→ **Exercise input**:
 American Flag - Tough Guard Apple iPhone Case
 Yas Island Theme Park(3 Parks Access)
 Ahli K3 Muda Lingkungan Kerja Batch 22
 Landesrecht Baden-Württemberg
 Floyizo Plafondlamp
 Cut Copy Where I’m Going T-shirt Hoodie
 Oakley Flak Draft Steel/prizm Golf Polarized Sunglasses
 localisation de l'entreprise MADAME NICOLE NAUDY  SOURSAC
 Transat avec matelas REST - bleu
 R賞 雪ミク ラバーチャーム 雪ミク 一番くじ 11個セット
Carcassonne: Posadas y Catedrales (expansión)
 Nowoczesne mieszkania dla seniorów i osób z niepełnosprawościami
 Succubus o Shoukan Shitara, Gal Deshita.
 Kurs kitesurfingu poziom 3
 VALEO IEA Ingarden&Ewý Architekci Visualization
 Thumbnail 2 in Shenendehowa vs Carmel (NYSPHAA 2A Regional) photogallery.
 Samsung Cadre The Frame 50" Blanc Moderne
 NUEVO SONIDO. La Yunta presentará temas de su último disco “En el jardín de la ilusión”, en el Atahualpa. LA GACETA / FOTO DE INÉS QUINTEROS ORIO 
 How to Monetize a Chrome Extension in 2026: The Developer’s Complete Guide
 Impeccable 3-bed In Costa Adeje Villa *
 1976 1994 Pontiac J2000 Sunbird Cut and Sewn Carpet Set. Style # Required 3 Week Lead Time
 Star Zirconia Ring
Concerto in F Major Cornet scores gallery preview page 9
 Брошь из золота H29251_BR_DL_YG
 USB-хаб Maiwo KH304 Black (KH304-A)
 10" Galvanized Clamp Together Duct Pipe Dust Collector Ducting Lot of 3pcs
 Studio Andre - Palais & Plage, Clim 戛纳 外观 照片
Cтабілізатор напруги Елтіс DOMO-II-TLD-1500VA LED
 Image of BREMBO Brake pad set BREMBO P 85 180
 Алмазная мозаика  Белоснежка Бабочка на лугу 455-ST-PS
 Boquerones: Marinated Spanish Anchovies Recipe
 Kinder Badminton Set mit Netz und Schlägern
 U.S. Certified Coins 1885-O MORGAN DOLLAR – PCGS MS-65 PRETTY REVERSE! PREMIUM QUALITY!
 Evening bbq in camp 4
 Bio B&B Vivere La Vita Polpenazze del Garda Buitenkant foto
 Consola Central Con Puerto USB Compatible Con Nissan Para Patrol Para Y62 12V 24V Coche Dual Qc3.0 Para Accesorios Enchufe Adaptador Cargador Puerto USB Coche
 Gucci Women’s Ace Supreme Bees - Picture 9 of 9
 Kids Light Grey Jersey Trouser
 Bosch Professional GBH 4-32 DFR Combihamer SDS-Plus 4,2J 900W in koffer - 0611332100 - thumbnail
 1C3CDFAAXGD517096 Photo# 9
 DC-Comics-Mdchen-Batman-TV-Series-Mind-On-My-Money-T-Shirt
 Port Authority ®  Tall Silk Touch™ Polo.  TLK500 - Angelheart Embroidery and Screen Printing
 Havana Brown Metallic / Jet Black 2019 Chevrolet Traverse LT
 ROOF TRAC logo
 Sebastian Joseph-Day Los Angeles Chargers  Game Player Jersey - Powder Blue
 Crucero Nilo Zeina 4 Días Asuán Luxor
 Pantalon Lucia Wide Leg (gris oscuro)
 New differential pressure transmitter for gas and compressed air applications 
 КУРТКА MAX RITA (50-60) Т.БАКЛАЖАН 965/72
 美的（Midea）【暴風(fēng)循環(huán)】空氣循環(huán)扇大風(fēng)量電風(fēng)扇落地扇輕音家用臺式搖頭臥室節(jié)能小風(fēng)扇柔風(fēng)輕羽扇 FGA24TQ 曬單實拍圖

→ **Required work**: In the data above, start at the line that has "Oakley Flak Draft", stop after the line that has "Samsung Cadre The", and print every line in between exactly as it stands.

→ **Solution to this exercise**:
 Oakley Flak Draft Steel/prizm Golf Polarized Sunglasses
 localisation de l'entreprise MADAME NICOLE NAUDY  SOURSAC
 Transat avec matelas REST - bleu
 R賞 雪ミク ラバーチャーム 雪ミク 一番くじ 11個セット
Carcassonne: Posadas y Catedrales (expansión)
 Nowoczesne mieszkania dla seniorów i osób z niepełnosprawościami
 Succubus o Shoukan Shitara, Gal Deshita.
 Kurs kitesurfingu poziom 3
 VALEO IEA Ingarden&Ewý Architekci Visualization
 Thumbnail 2 in Shenendehowa vs Carmel (NYSPHAA 2A Regional) photogallery.
 Samsung Cadre The Frame 50" Blanc Moderne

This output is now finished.